While most economists say next year’s electorally driven balanced budget target is not based on any fiscal imperative, the public appears to be largely onside.
A new Harris-Decima poll finds a remarkable consensus about deficit reduction that crosses regional and party lines.
The telephone survey of 1,008 respondents found that 60 per cent believe the government is doing at least a fair job (39 per cent) or better in managing the country’s finances.
And a clear majority, 57 per cent, believe the deficit should be eliminated before any increased spending occurs, compared to 34 per cent who said it is OK to increase spending even though there’s still red ink.
The Harris-Decima poll found that even among self-identified New Democrats, the split was 48-44 in favour of retiring any deficit before increasing spending.
Self-identified Green party and Bloc Quebecois supporters were almost identically fiscally hawkish to Conservatives, who favoured deficit reduction 69-25, with Liberal supporters falling between the Tories and NDP.
The poll is considered accurate within 3.1 percentage points, 19 times in 20.
“There’s a pragmatism that Canadians seem to share,” said pollster Doug Anderson of Harris-Decima. “It just seems there’s a lot more commonality across partisan stripes than you might expect, given rhetoric or traditional stereotyping.”
Sharpe, of the Centre for the Study of Living Standards, calls it an “all-encompassing ideology that we’ve all accepted for many years — which is unfortunate, because deficits are extremely useful in times of weak economic activity.”
The government’s drive to balance the books is actually putting a drag on the economy, according to many economists.
At the height of the stimulus spending in 2010, Canada’s GDP grew 3.2 per cent — of which about 1.1 per cent was attributed to government spending.

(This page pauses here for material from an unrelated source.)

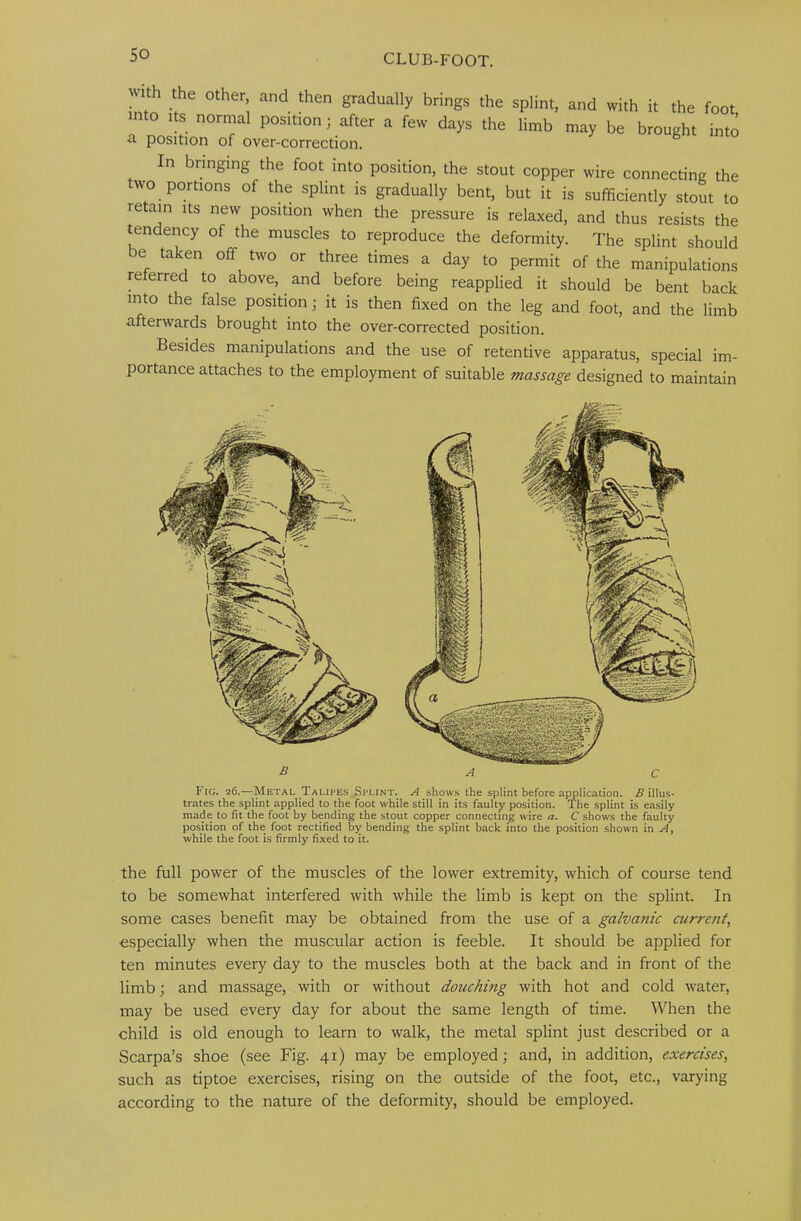 rth the other and then gradually brings the splint, and with it the foot nto Its normal position; after a few days the limb may be brought into <1. position of over-correction. In bringing the foot into position, the stout copper wire connecting the two portions of the splint is gradually bent, but it is sufficiently stout to retain its new position when the pressure is relaxed, and thus resists the tendency of the muscles to reproduce the deformity. The splint should be taken off two or three times a day to permit of the manipulations referred to above, and before being reapplied it should be bent back into the false position; it is then fixed on the leg and foot, and the limb afterwards brought into the over-corrected position. Besides manipulations and the use of retentive apparatus, special im- portance attaches to the employment of suitable massage designed to maintain B A C Fig. 26,—Metal Talipes Splint. A shows the splint before application. B illus- trates the splint applied to the foot while still in its faulty position. The splint is easily made to fit the foot by bending the stout copper connecting wire a. C shows the faulty position of the foot rectified by bending the splint back into the position shown in A, while the foot is firmly fixed to it. the full power of the muscles of the lower extremity, which of course tend to be somewhat interfered with while the limb is kept on the splint. In some cases benefit may be obtained from the use of a galvanic currait, especially when the muscular action is feeble. It should be applied for ten minutes every day to the muscles both at the back and in front of the limb; and massage, with or without douching with hot and cold water, may be used every day for about the same length of time. When the child is old enough to learn to walk, the metal splint just described or a Scarpa’s shoe (see Fig. 41) may be employed; and, in addition, exercises, such as tiptoe exercises, rising on the outside of the foot, etc., varying according to the nature of the deformity, should be employed.
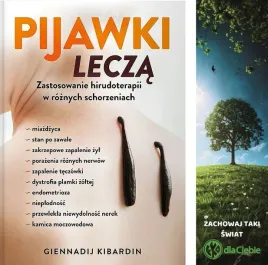 pijawki-lecza-zastosowanie-hirudoterapii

As stimulus spending was withdrawn, economic growth fell to 2.6 per cent in 2011 and was down to 1.8 per cent in 2012.
As Sharpe puts it, “You can have a significant deficit and still have a falling debt-to-GDP ratio. No one makes that point.”
For now, the consensus in the government and among the public appears to be hunker down and grind it out. The policy debate may renew only after the deficit is vanquished.